To encourage the involvement of local communities we recently published advice for homeowners in the form of five simple steps to make gardens more hedgehog friendly. This advice can be accessed at: www.gov.uk/government/news/five-simple-steps-to-transform-gardens-in-to-hedgehog-havens

We are impressed by the good work of the British Hedgehog Preservation Society and the People’s Trust for Endangered Species in undertaking surveys to establish the facts and engaging the public, and support the majority of their 10 year strategy for the protection of hedgehogs. The Taxon Group, which is being led by Natural England, is also proposing a number of actions that address some of the objectives of the 10 year Strategy.

Hedgehogs are protected by the Wildlife and Countryside Act 1981 from being killed using prohibited methods such as a crossbows, traps and snares. However, further protection of hedgehogs by adding them to Schedule 5 will not support the species and may have unintended consequences because:

o the legislation makes it an offence to intentionally kill, take and injure and we have no evidence that this is currently an issue;
o protecting such a generalist habitat from destruction or disturbance could have the unintended consequence of making it a criminal offence to tend gardens; and
o it may deter the maintenance and creation of habitat for hedgehogs if there will be a restriction on land use as a result.

Since 2010 we have overseen work to create and restore over 100,000 hectares of priority habitat. Frontline programmes such as our agri-environment schemes have already restored or planted 30,000 kilometres of hedgerows. The new £900 million Countryside Stewardship scheme which started this year will further add to this valuable work by helping farmers, foresters and other land managers play a pivotal role in protection our wildlife and the countryside in general. In addition, the hedgerows and boundaries capital grants (part of Countryside Stewardship) announced on 1 February will also have a valuable part to play.

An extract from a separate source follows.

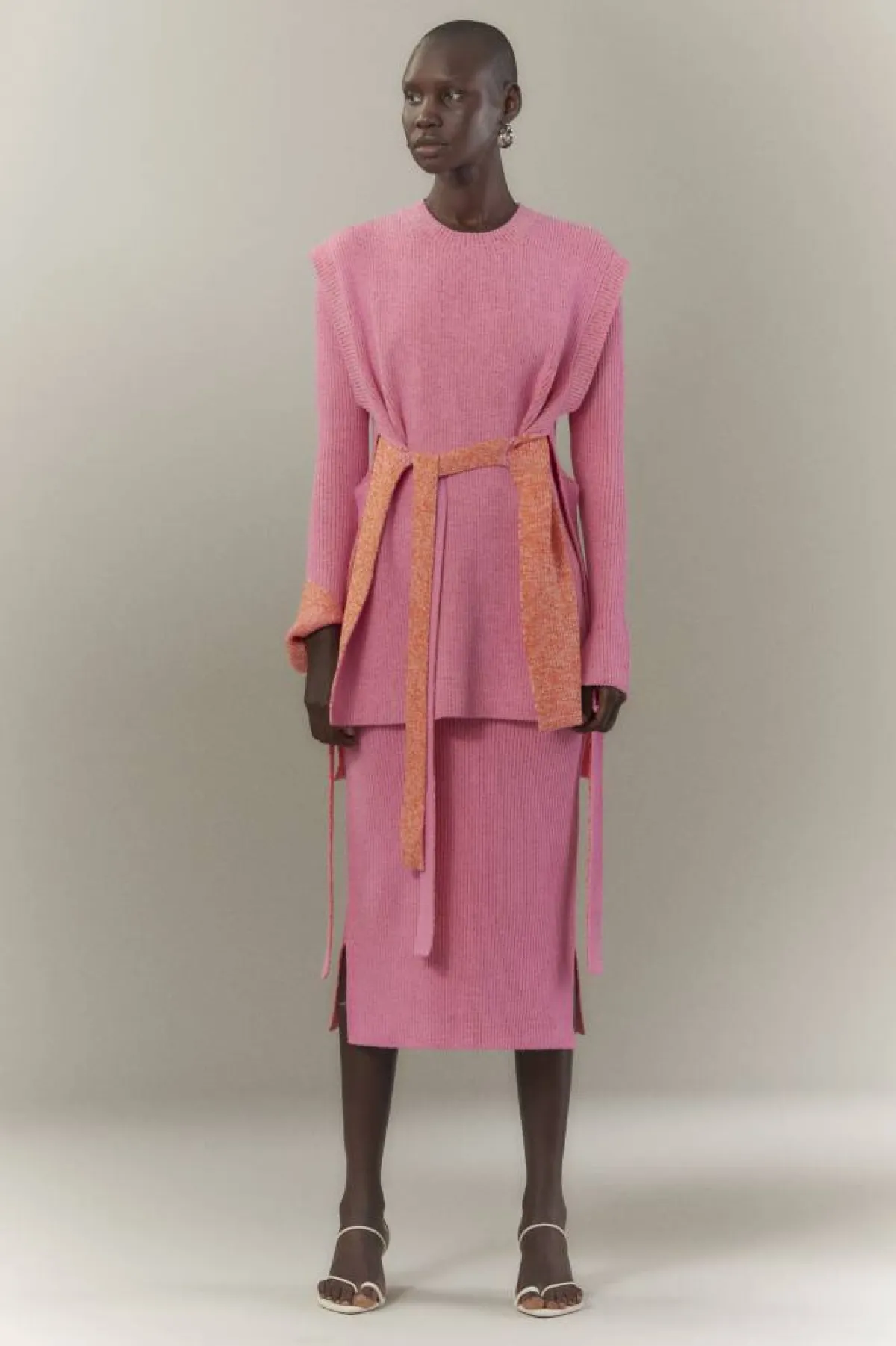 تنورة صوف بليسيه بفتحة جانبية بتصميم ميدي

We are developing an ambitious 25 Year plan to protect and enhance our environment. It will move us to a more integrated and effective approach to managing our environment, placing local people and places at the heart of environmental decision making. This new approach will help equip people with the knowledge and power they need to take effective action on local environmental priorities, helping reverse the decline of iconic species like hedgehogs as part of this joined up approach.